In Johan Santana’s last four starts, he has thrown 25.2 innings and allowed 17 earned runs. That’s an ERA of 5.96. So Is Johan Santana not pitching like himself, or is this the way Johan Santana pitches now?
When Johan is smacked around early and digs his team a hole as was the case Saturday afternoon [1], what’s the root cause? After effects of elbow surgery? Well-publicized off-field issues we don’t want to think about but he has to? The distraction of facing his old teammates? A spirit frayed from pitching well so often with no run support (which, for what it’s worth, he didn’t get today either)? Or is it just one of those stretches when great pitchers subtly but decidedly shift into the phase of their careers mortality forces them to struggle through?
I don’t know. When it comes to Johan Santana, I tend to watch through the prism of September 28, 2008, the day when No. 57 carried the Mets on shoulders as broad as the Whitestone Bridge to the doorstep of the promised land. When he completed that instantly legendary three-hit, short-rest shutout on one good knee, I probably made some internal deal that would forgive his inevitable decline across the five years yet to come on the six-year, $137.5 million deal he signed when the Mets adopted him from that nice family in Minnesota that couldn’t afford to keep him.
Swell way for the Twins to pay us back.
Though if was just revenge/familiarity coming home to roost, you’d chalk it up to a silly string of coincidence — Pedro couldn’t beat the Red Sox in 2006, just as fellow Cy Youngsmen T#m Gl@v!ne, Randy Jones and Warren Spahn couldn’t rack up a W vs. their old teams in their first starts against them as Mets, according to the club’s helpful media relations department. It would be as good an explanation as any…of course, explanations are always at hand when Johan doesn’t quite have it.
• The Twins (6 IP, 5 ER) are a fine and patient offensive unit.
• So are the Yankees from last weekend’s Santana loss (6 IP, 4 ER), and that was mostly a matter of one inning culminating in Teixeira’s grand slam, which was reminiscent of that one bad inning against the Nationals in April (and that other grand slam, to Josh Willingham).
• The Indians from the week before (7 IP, 4 ER) aren’t any great shakes but they were known to be trouble for Johan in his American League Central days.
• The Padres on June 10 (6.2 IP, 4 ER)? Not a juggernaut, but a first-place team. And Johan was going on eight days rest.

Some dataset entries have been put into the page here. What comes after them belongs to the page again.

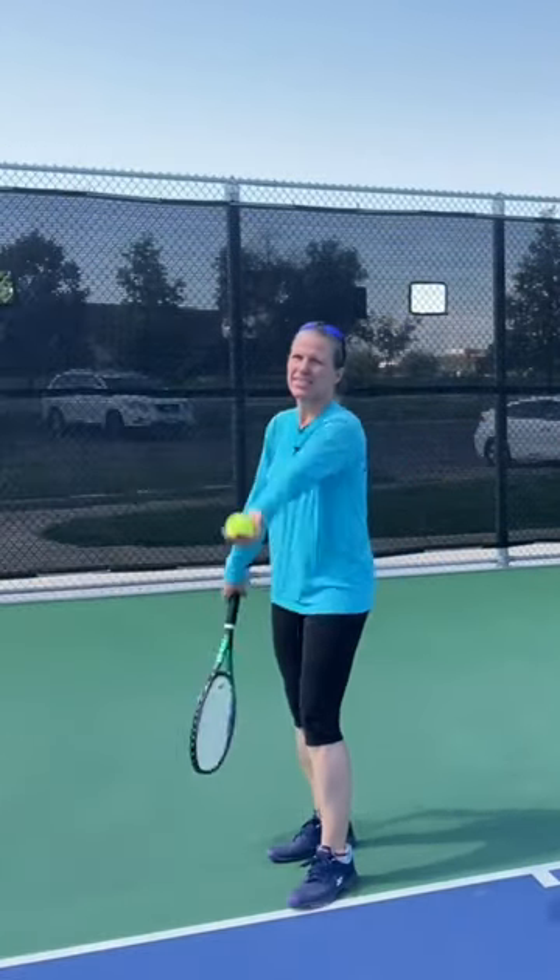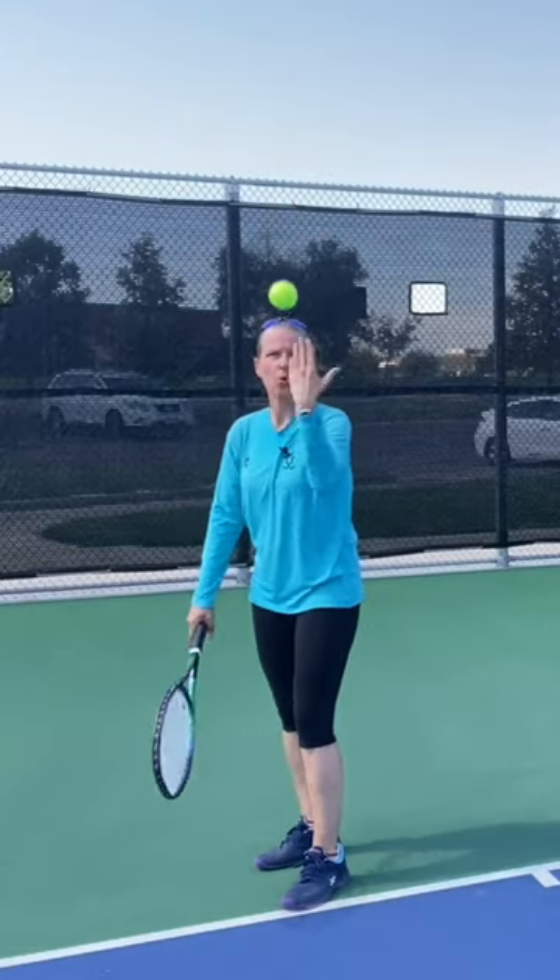Tip number one: you want to hold the ball in the first one or two lengths of your fingers. You don't want to have it all the way in the palm, because that way the likelihood that it moves or rolls over your fingers is a lot bigger. And if you see really good servers toss the ball, there's very little movement on the ball as they toss it up.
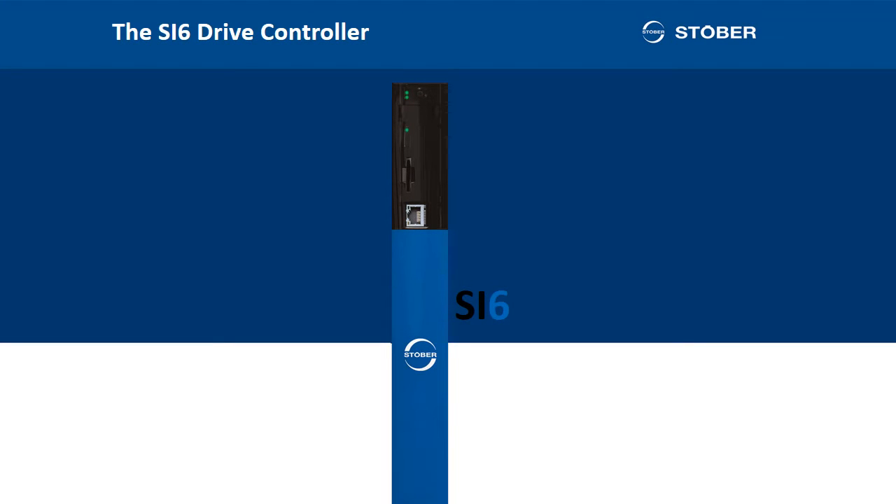Today, I would like to present you a real innovation. The ingredients may not be new, but their combination is. It is the STOBER SI6 drive controller.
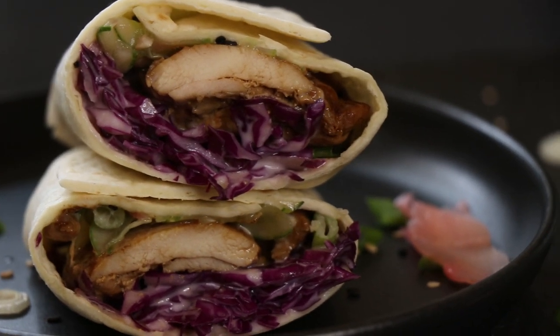Today I'm going to show you how to make a Japanese inspired chicken wrap. What makes this Japanese? Well, I'm using some wasabi and some pickled ginger, and trust me guys, it's going to be delicious.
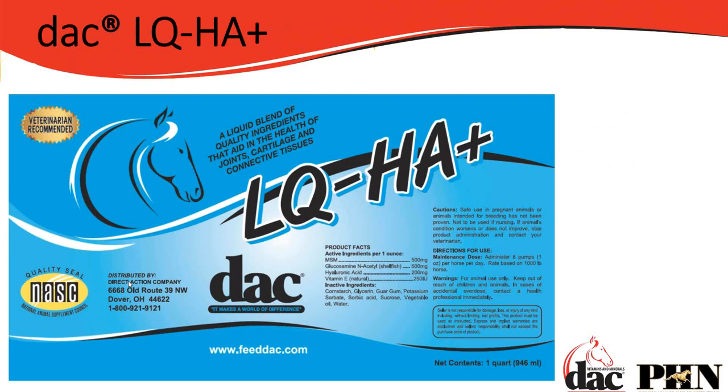I want to touch on the new product — LQHA+. It's the liquid joint supplement we came out with in response to constant requests. LQ stands for liquid, HA stands for hyaluronic acid, and the plus is because it's got a little bit of other stuff: some MSM and a different type of glucosamine. On the Optimum Flex label you'll see glucosamine HCL or glucosamine sulfate. This one uses glucosamine N-acetyl because it works better in a liquid supplement. Hyaluronic acid is at 200 milligrams per ounce — the gold standard is 150, so we've bumped that up. It also contains 250 IUs of natural vitamin E.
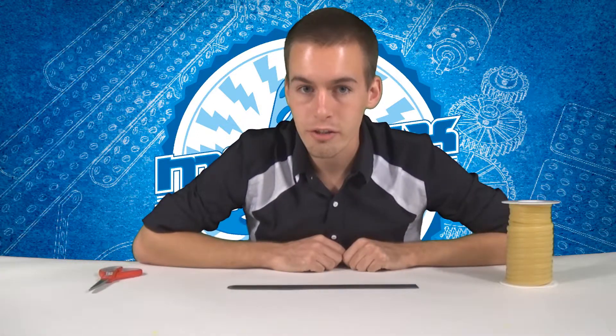This is Colton Melhoff from Matrix Robotics with Chips and Tricks video number five about rubber-band powered racers. This is great for team-building exercises already used in the classroom.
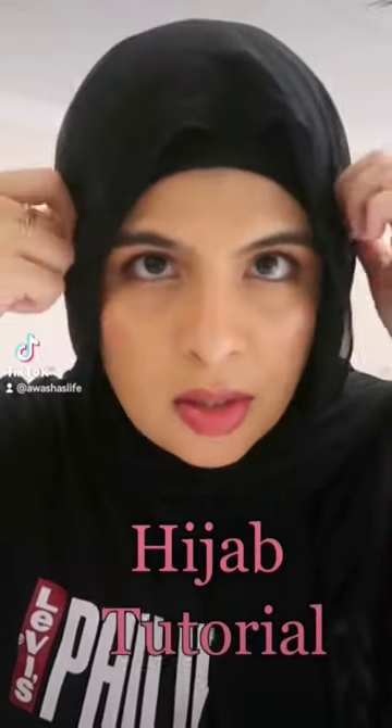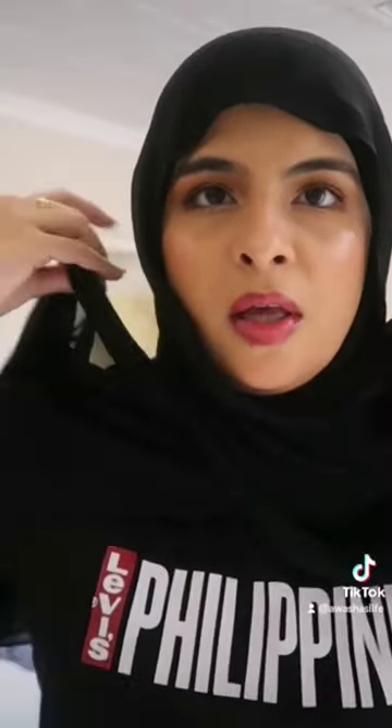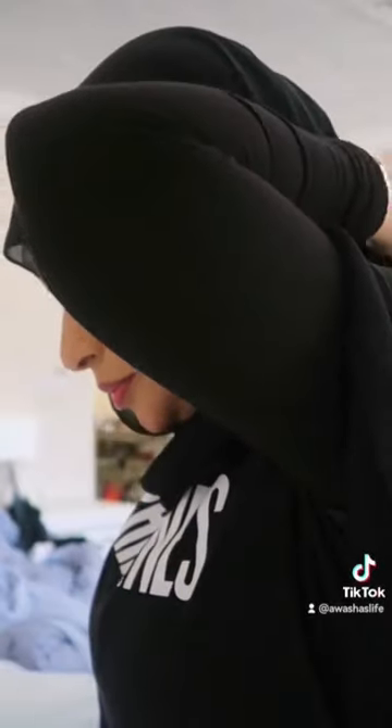I'm wearing a gubba inside, so this is separate — it's called a hijab called crab. So what we need — two magnets — let me show you guys the length. This one matches, okay. We take the two ends here, same length, okay, this is one. So we take here and then close it with a magnet — tada — and now it's not gonna fall.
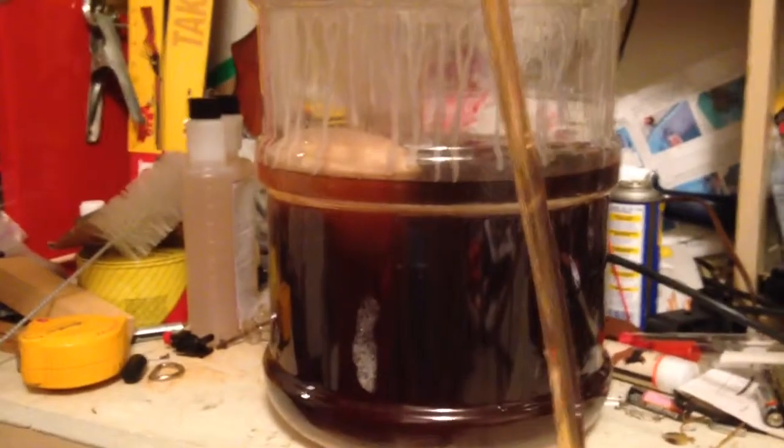We checked our specific gravity — it was 1.014. I haven't had time to do the math yet. Our original gravity was 0.050, so we'll have to figure out the alcohol content here in a little bit. But so far things are going well. The beer tastes quite good.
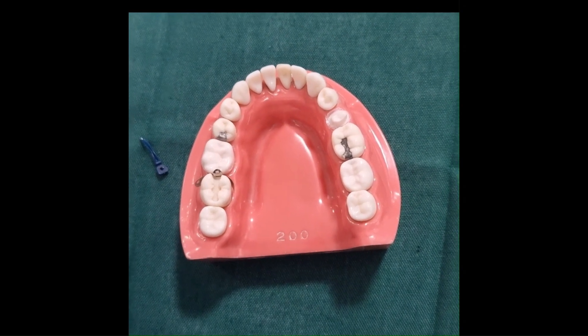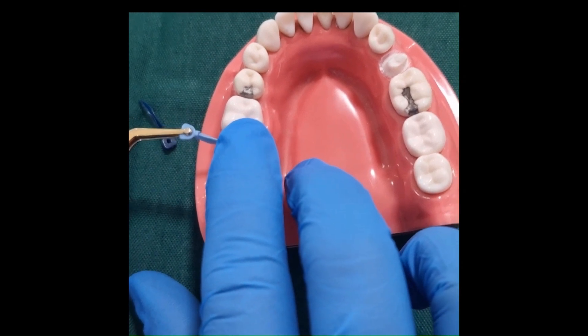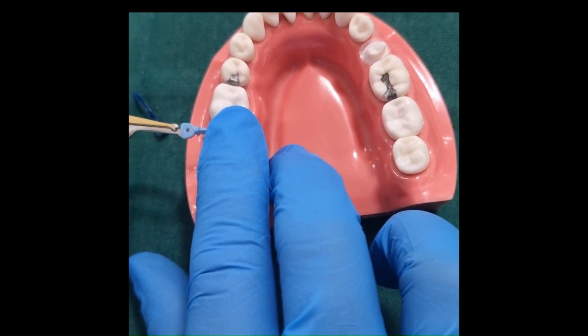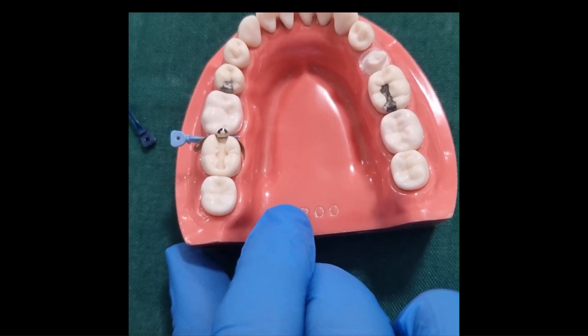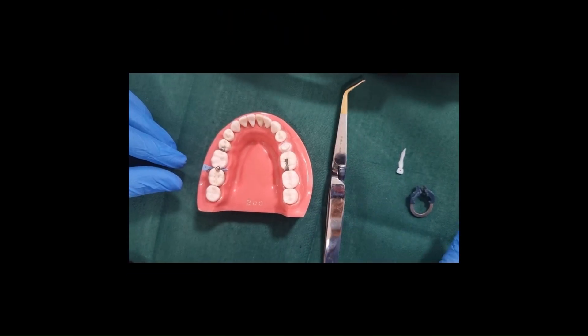Then the wave-shaped wedge, which is anatomically shaped, can be placed using the pin tweezer to stabilize the band in place. During wedge placement, use a finger to secure the matrix in place.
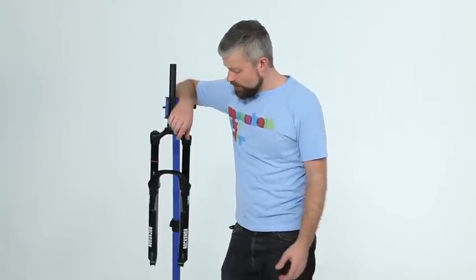Hi, my name's Al and today I'm going to show you how to change the travel on your RockShox Solo Air Fork. You can do this to most of RockShox's trail range of forks. Basically if you can change out the Solo Air Spring Assembly then you can change the travel. You might want to do this because you want to change the geometry of your bike, or perhaps you're swapping the fork from one bike to another.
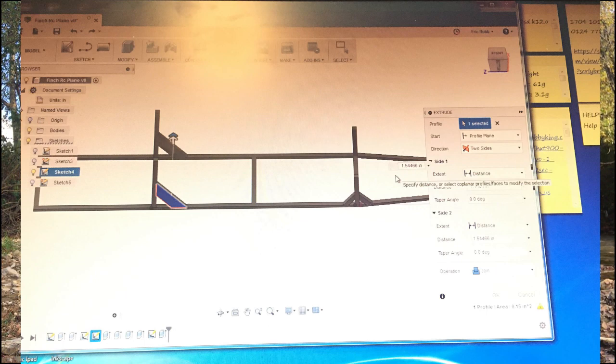First I started with designing. I did all my designing in Fusion 360, which is a CAD program. If you're not familiar with it, it's pretty cool and easy to learn.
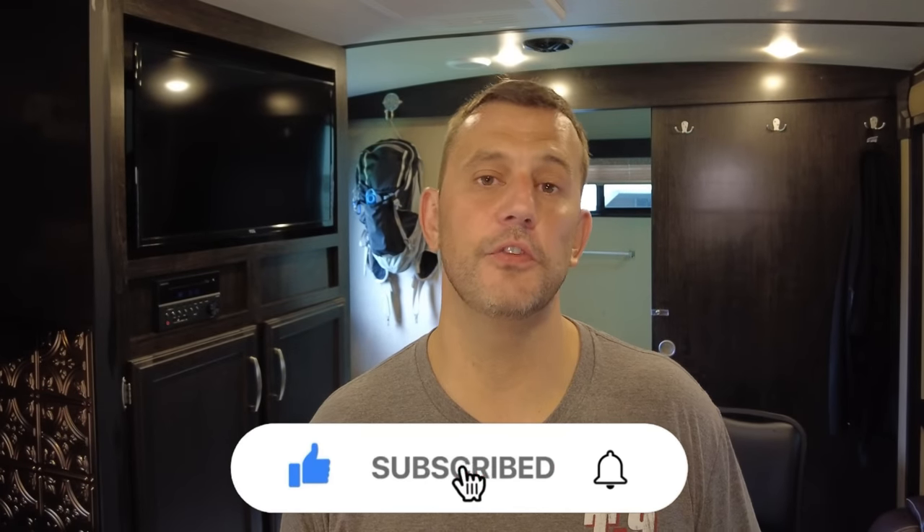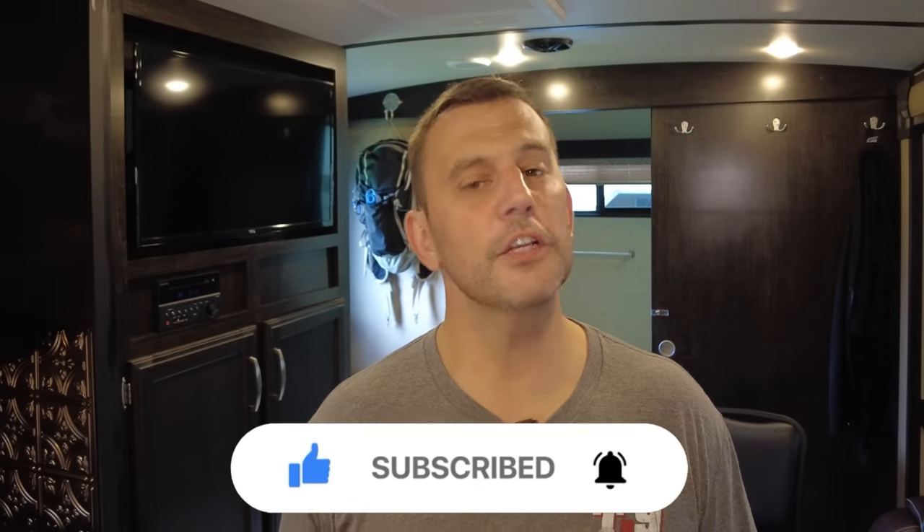We hope you learned something from this video — if you did, don't forget to like and subscribe. Thanks for watching guys, we'll see you soon.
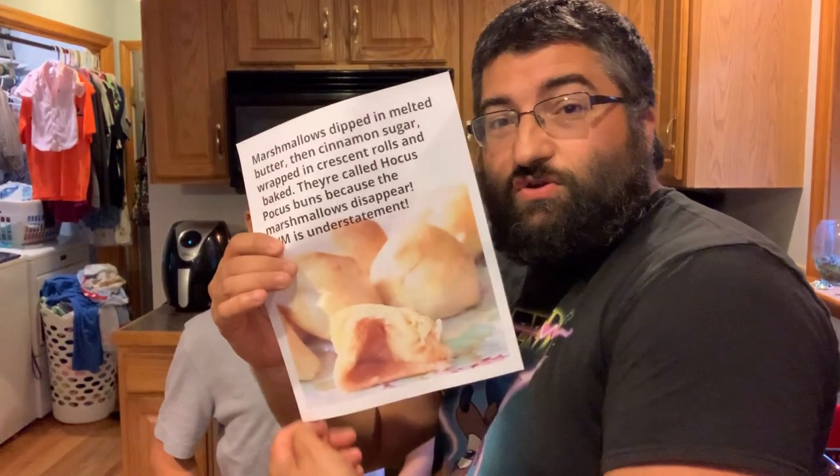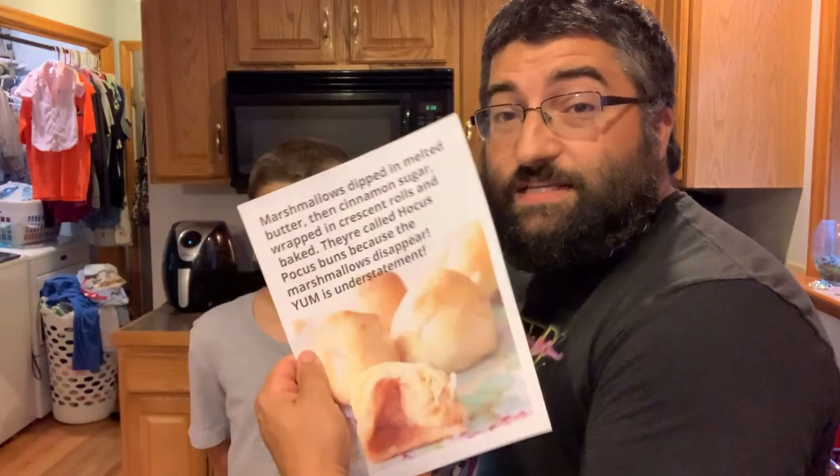Hello friends! Something came up on my Facebook last week from a friend of mine, so thank you so much. This little doovicky says: marshmallows dipped in melted butter, then cinnamon sugar, wrapped in crescent rolls, and baked. They're called Hocus Pocus buns because the marshmallows disappeared. Yum is an understatement.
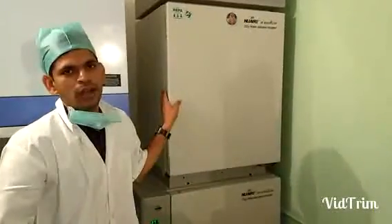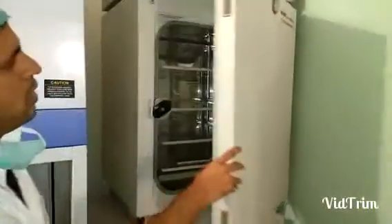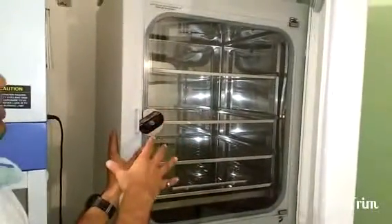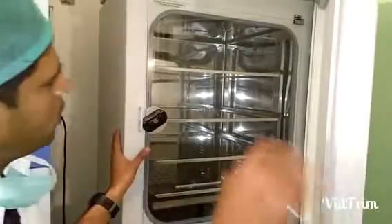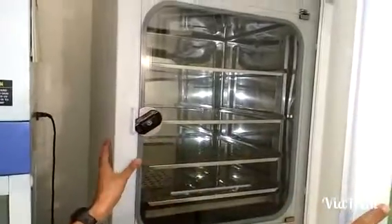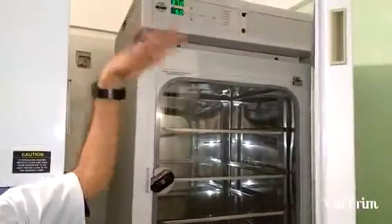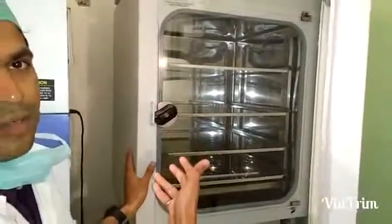Now I will quickly show you how the incubator looks like from inside. The incubator has two doors — the outer door and the inner door. The inner door, as you can see, is transparent, made of glass, so that you can peek inside without opening the door, because opening the door affects the temperature and CO2, and it takes a lot of time for recovery.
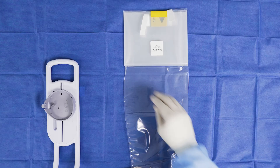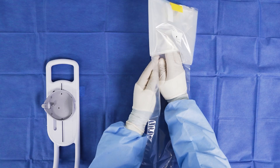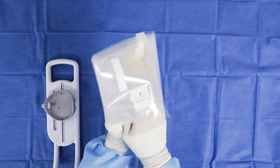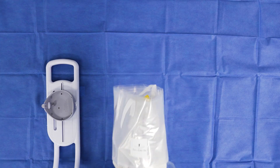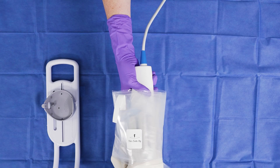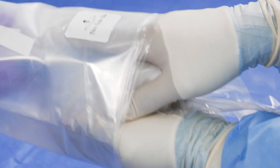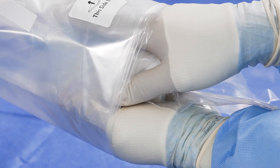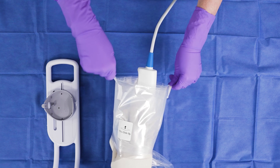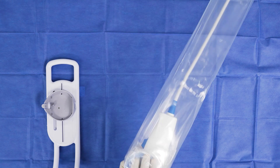The sterile operator should then slide their hands into the most inner folds of the sterile bag. Have the non-sterile operator place the MDU into the innermost fold of the bag, aligning it with the 'this side up' sticker. The sterile operator will grab the MDU and ensure it is secure in their hands. Using the white strips, the non-sterile operator can then unfold the bag to its full length, covering the cable of the MDU.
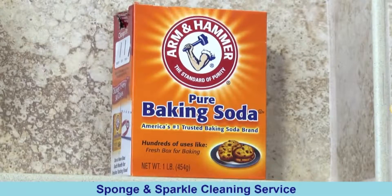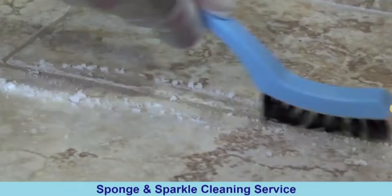A sprinkling of baking soda combined with a vigorous scrubbing is all that's really needed for light soil. More heavily soiled grout may need an oxygen bleach such as OxyClean.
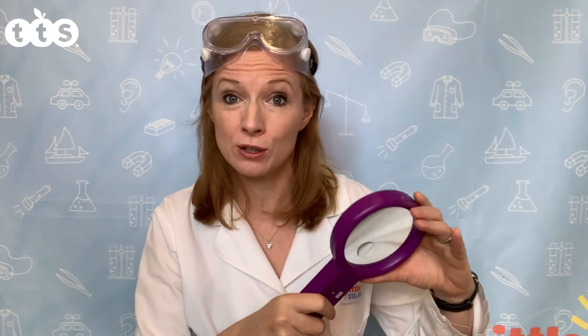Maybe the weather's getting better and you're going outside a bit more, or maybe you're learning about mini beasts or plants, or maybe the weather's a bit colder and you're looking for a reason to get children outside. Well, with the Nature Hunters activity, we're going to go outside in just a second, but first I wanted to show you the equipment we're going to use.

Was he overly amped for the Twins? On the radio, Howie reported his velocity was fine, but his location wasn’t Johanesque. Do the repercussions from the Lee County Sheriff’s office [2] have something to do with his pitching? That’s for Johan to know. The elbow? He himself said the post-surgery recovery [3] is ongoing.
There are many reasons to decide Johan Santana is now a mere mortal, yet he’s also pitched some genuine gems in 2010. In his five starts spanning May 13 to June 2, he was almost spotless: 36.2 innings, 3 earned runs. That’s an ERA of 0.74. That’s the Johan we not just know and love, but had grown to rely on. When we he threw his final pitch on June 2 in San Diego, we felt, per those loathsome New York Life drop-ins, safe and secure anticipating his next start — the Mets might not score for him, but he would keep us in it on his own if he had to…just like he did that soggy Saturday at the end of 2008.
We’re now left to wonder what we’ve got on the one fifth day we thought was above reproach. When he starts again, Johan Santana will not have harvested a gem in nearly a month. On track record, you give Johan every benefit of the doubt, but as Met lefties go, he hasn’t been any more reliable of late than Jon Niese or Hisanori Takahashi. I sorely wish that spoke volumes on behalf of Niese and Takahashi and reflected not at all on any change in the season or career trajectory of Johan Santana.
It’s just four starts. And that aforementioned Nationals start (5 IP, 5 ER) . And the Saturday he felt his way through the Giants’ not-so-imposing batting order (7.2 IP, 4 ER). And that Sunday night disaster against the Phillies (3.2 IP, 10 ER). There have been sixteen Santana starts in all in 2010. Nine of them have approached vintage 2008-2009 Johan (0.73 ERA in 62 innings). Seven of them have been the stuff of pitching mortals (7.71 ERA in 42 innings).
Technically, we’re all mortals. I was just hoping Johan transcended such technicalities.